No one lender is the best option for everyone. Since you can now get preapproval from multiple lenders without additional impact to your credit score, our team strongly recommends doing so. You can start your search with these companies from our list of the best auto loan providers.

Chase Auto: Best Big Bank Loan

If you already have one or more accounts with Chase or you prefer the experience of working with a large financial institution, Chase Auto is a strong option. On top of its already-competitive rates, the bank offers a discount to Chase private banking clients. It’s also one of only a few large lenders that doesn’t have a minimum credit score, which means low-credit borrowers may be able to secure an auto loan from a well-established lender. 

Consumers Credit Union: Excellent Credit Union Loan

Consumers Credit Union doesn’t have the lowest rates of our top providers, but it does offer some of the most flexible terms. There are no minimum or maximum loan amounts and borrowers can choose terms up to 84 months. You need to be a member to get an auto loan from Consumers Credit Union, but anyone can join for a $5 fee – which the credit union places into your savings account after joining. 

How Much Car Can I Afford?: FAQ

How much car can I afford based on salary?

How much car you can afford isn’t just based on salary. In addition to your monthly income after taxes, your monthly debt obligations are also a factor. Most experts suggest that you spend no more than 15% of your take-home pay on car payments, although you may qualify for more.

How much should I spend on a car if I make $100,000?

If you make $100,000 per year, financial experts suggest that you should spend no more than $830 per month on car payments. You may qualify for higher monthly payments, but staying under your maximum budget gives you more room to save and insulate yourself from unexpected financial issues.

Can you afford a $30,000 car making $60,000 salary?
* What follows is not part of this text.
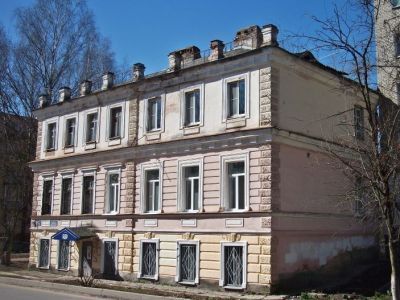 Дом инженерного полковника М.П.Петрова с флигелем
Even if you can technically afford the payments on a $30,000 car making a $60,000 salary, most experts would advise against it. In general, most financial advice suggests that you shouldn’t buy a car that exceeds 35% of your annual income at most, and that it’s best not to spend more than 15% of your monthly take-home pay on car payments.

Our Methodology

Our expert review team takes satisfaction in providing accurate and unbiased information. We identified the following rating categories based on consumer survey data and conducted extensive research to formulate rankings of the best auto loan providers.

  • Industry Standing: Trust and reliability are two of the most important qualities in a lender. Our team considers current industry ratings from organizations such as the Better Business Bureau (BBB) along with factors such as a company’s age.
  • Availability: We examine how easy it is for borrowers to get a loan from each provider. Lenders that offer loans to meet a variety of customer needs receive high ratings.
  • Loan Details: Our researchers comb through the fine print to learn about the loan amounts, term lengths, and types of loans each provider offers.
  • Rates and Discounts: We take an in-depth look at the range of rates each provider offers for borrowers of different credit scores. Our team also factors in the discounts available with each lender.
  • Customer Service: Our team considers customer reviews and complaints when determining this score. We also consider the ease and availability of help online, over the phone, or in person.

*Data accurate at time of publication.